# Record extracts:

────────

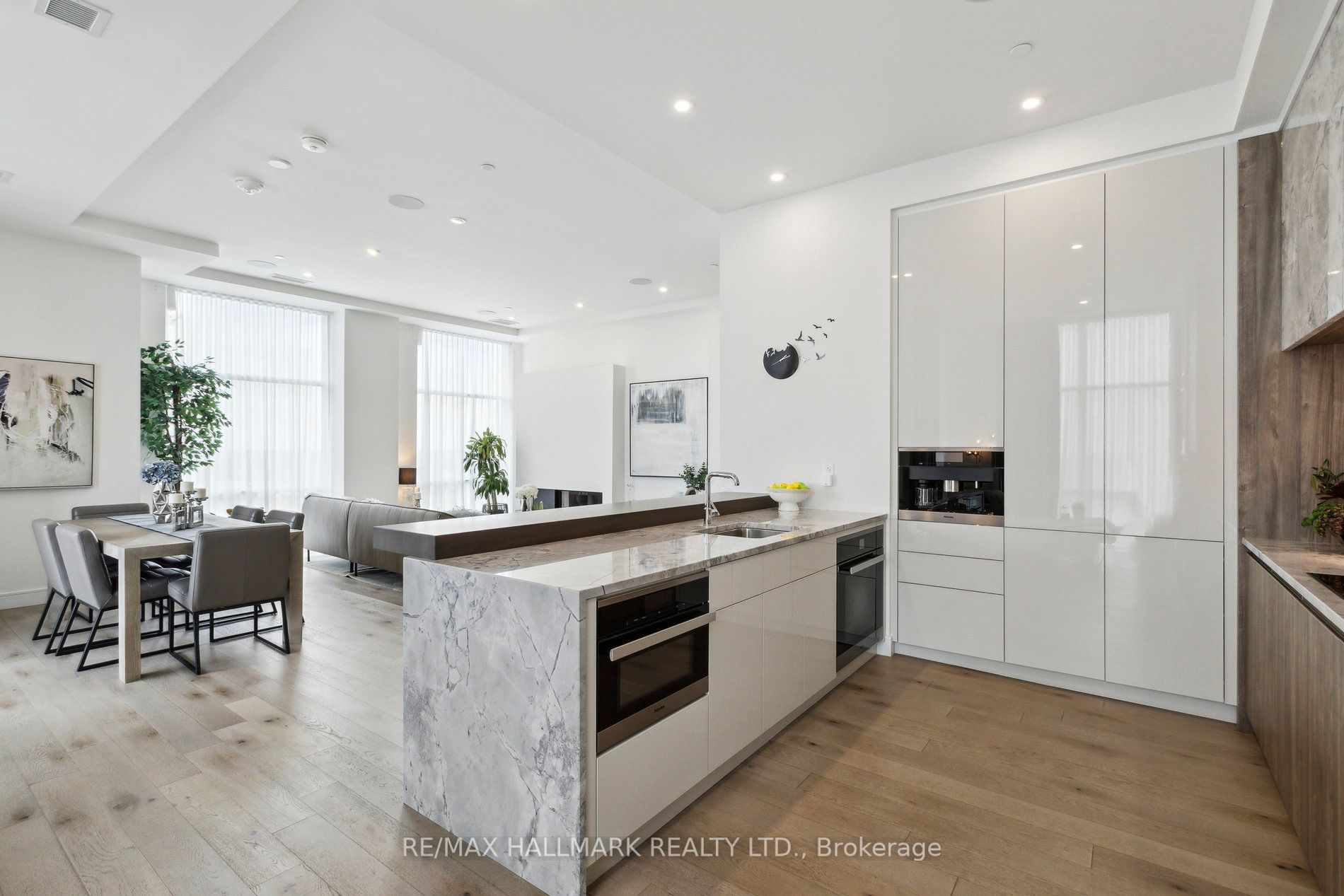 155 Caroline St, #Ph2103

────────

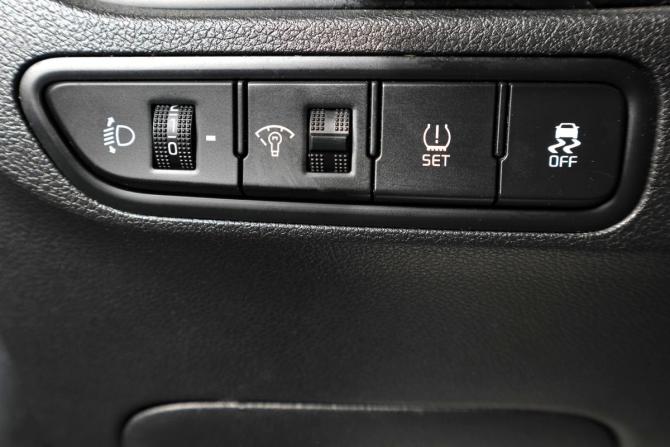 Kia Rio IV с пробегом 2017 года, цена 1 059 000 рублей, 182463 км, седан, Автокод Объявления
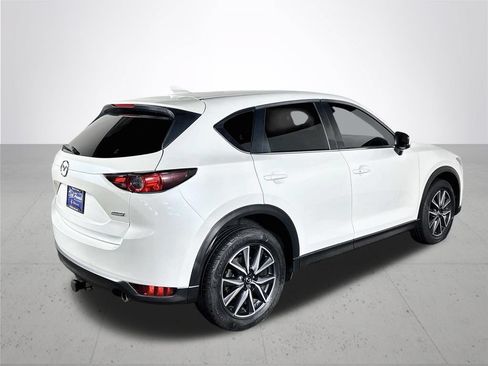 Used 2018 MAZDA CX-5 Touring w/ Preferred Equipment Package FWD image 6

────────

Copy the lines above between the one holding "Kia Rio IV с" and the one holding "Used 2018 MAZDA", inclusive. Drop the pictures.

 Kia Rio IV с пробегом 2017 года, цена 1 059 000 рублей, 182463 км, седан, Автокод Объявления
 Used 2018 MAZDA CX-5 Touring w/ Preferred Equipment Package FWD image 6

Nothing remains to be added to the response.